The unseasonably warm winter weather had lured us out of the
house; it was both a chance to bask in the beauty of the winter sun and to kill
time while I endured the start of my daughter’s grizzly stage of the day.
Turning the corner not far from home we trundled down the hill where I spied a
fluffy family of ducks waddling ahead, all in a row.
to laugh; it could have been our little family.
The Mother Duck, lagging at the rear, was all in a tizz. Whether she was cranky at being left behind, or like her human mummy counterparts, was irritable because no one looked to be listening she appeared to have no choice but to turn the volume up on her nagging. Spotting me, her squawking spiralled up about 4 notches and she began to alert her little clan in front. However, on marched the Daddy Duck either blissfully ignorant of any human presence nearby or choosing to believe there was indeed no danger lurking. His 3 little followers traipsed merrily – blindly – behind him, also enjoying the warmth of the late afternoon sun.Onwards they shuffled, sharing a conversational squawk or two as they meandered on.

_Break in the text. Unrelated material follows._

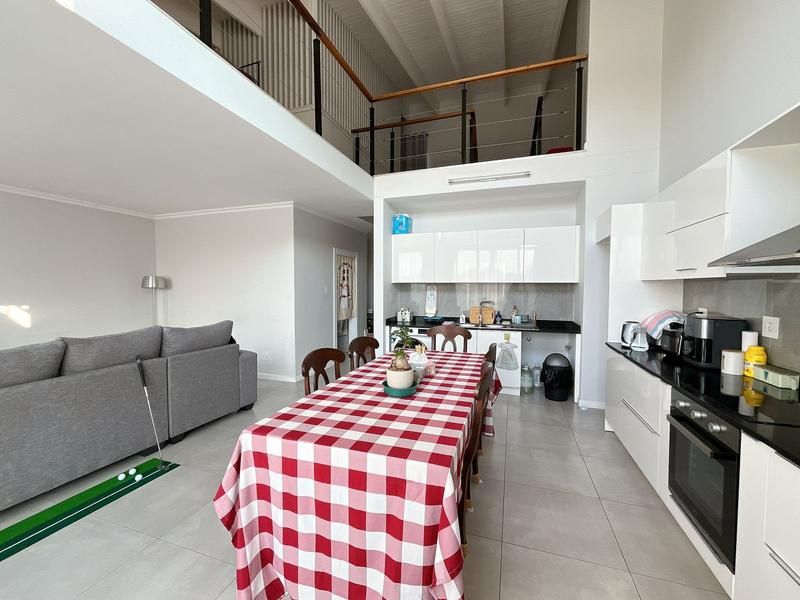 Spacious open-plan living and kitchen area featuring high ceilings, a mezzanine level, modern white cabinetry, and sleek black granite countertops.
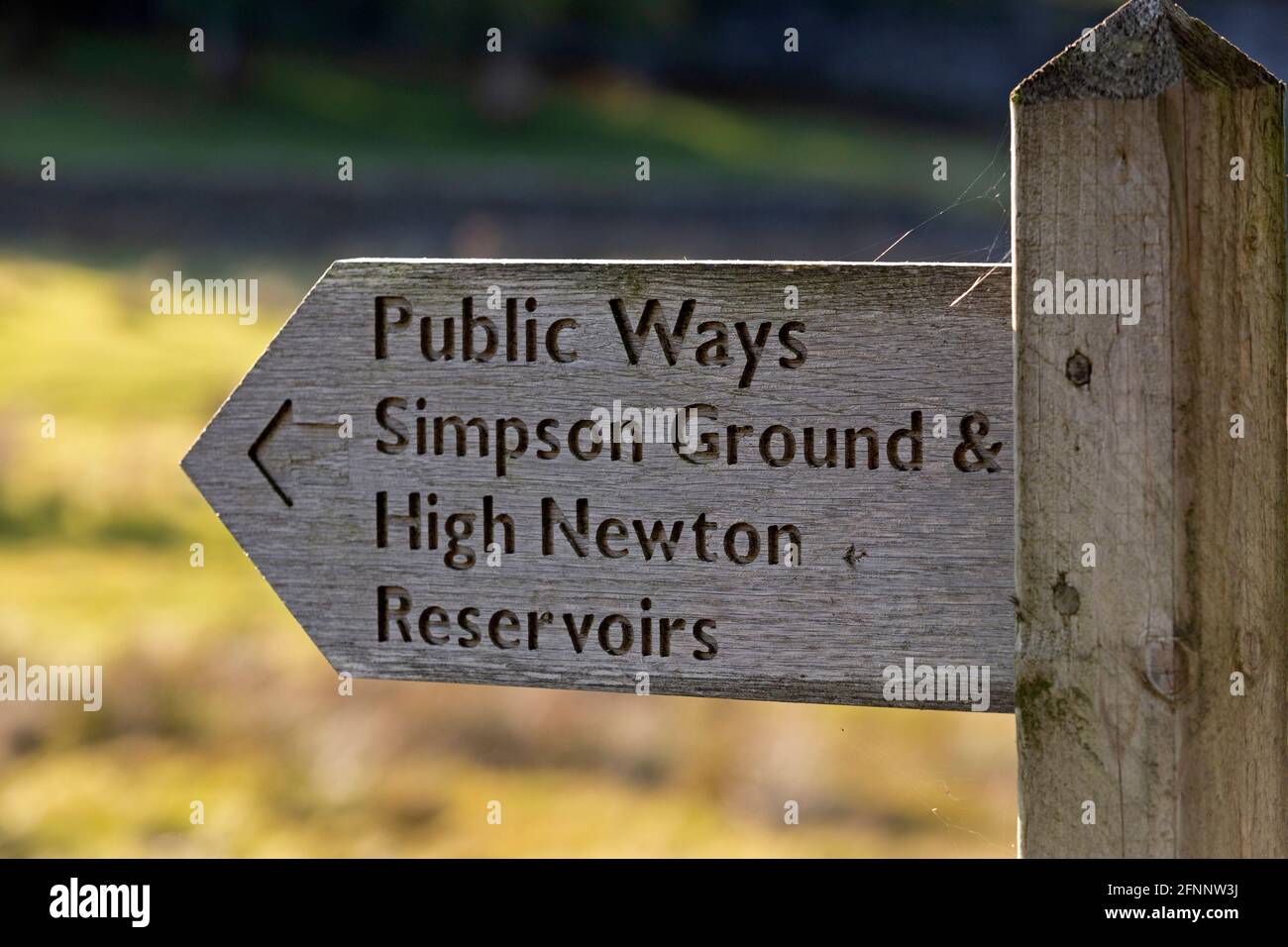 Segnaletica per vie pubbliche a Cumbria, Inghilterra. Il cartello indica la strada per Simpson Ground e High Newton Reservoir. Foto Stock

Mother Duck however, was almost apoplectic by this point. The nearer I got to her beautiful brood the more fever pitch her pleas reached. Yet Daddy duck did not look back, he just waddled on. Clearly, he knew when to worry, when to save his energy.

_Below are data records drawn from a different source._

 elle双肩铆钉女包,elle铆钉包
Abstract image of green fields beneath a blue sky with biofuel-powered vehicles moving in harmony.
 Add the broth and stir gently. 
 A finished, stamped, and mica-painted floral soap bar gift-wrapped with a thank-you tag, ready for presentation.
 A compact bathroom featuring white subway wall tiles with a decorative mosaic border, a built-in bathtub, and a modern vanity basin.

A trait that is mirrored by this Mummy, and my children’s Daddy.
You see, earlier that day, as we enjoyed a family outing in the sun, I spent the entire time on tenderhooks, unconsciously fearing the worst as my son scootered ahead. Constantly screeching at him to beware, to slow down, to STOP, my heart raced, imagining every possible worst outcome likely. Yet The Husband, strolling happily alongside, pushing our daughter in the pram, kept calmly assuring me “he’ll be right”, “he is ok”.

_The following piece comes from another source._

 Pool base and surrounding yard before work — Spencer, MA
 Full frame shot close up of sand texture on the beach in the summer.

And of course, he was. His Daddy was right, while I was not only wrong, but wrung out after all those unnecessary emotions were expended. So, it’s time to be less of an anxious Mummy Duck and more live-in-the-moment Daddy Duck. Otherwise the real cost I’ll pay (not the perceived one I fear) is missing out on the precious, present moment watching my boy’s face light up while he had so.much.FUN!